Correlated Superconductivity in a Two-Dimensional Metal-Organic Framework

Metal-Organic Frameworks (MOFs) are composed of metallic clusters linked by organic ligands. While MOFs are often discussed in terms of their use in chemistry applications, the emerging field of Quantum MOFs explores their potential as quantum materials [1]. These materials are typically insulators, but there has been considerable progress in the development of conducting MOFs. Remarkably, the conducting MOF Cu-BHT was found to be superconducting [2], suggesting an unconventional type of superconductivity caused by electronic correlations.

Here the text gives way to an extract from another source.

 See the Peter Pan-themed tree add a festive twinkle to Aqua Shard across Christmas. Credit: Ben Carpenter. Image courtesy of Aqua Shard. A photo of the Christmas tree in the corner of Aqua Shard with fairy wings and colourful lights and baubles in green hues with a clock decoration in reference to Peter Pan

The problem of correlated electrons, as captured by the Hubbard model, is notorious for its analytical intractability. One promising approach involves the use of exactly solvable models, such as the Hatsugai-Kohmoto (HK) model [3]. Recent work has demonstrated that the HK model is the minimal model that breaks the particle-hole symmetry of a Fermi liquid and falls within the same universality class as the Hubbard model [4]. This makes it an ideal framework for studying the universal properties of correlated systems, including correlated superconductors. This step was performed in [5] for an s-wave spin singulett pairing. We extend these findings to more complex pairing symmetries, including multiband superconductivity, in order to account for materials with more intricate electronic structures, such as Cu-BHT.

[1] Z. Huang and M. Geilhufe Small Sci. 4 2400161 (2024)

[2] T. Takenaka et al. Sci. Adv. 7 12 eabf3996 (2021)

[3] Y. Hatsugai and M. Kohmoto J. Phys. Soc. Japan 61 6 2056 (1992)

[4] E. Huang et al. Nat. Phys. 18 5 511 (2022)

[5] P. Phillips et al. Nat. Phys. 16 12 1175 (2020)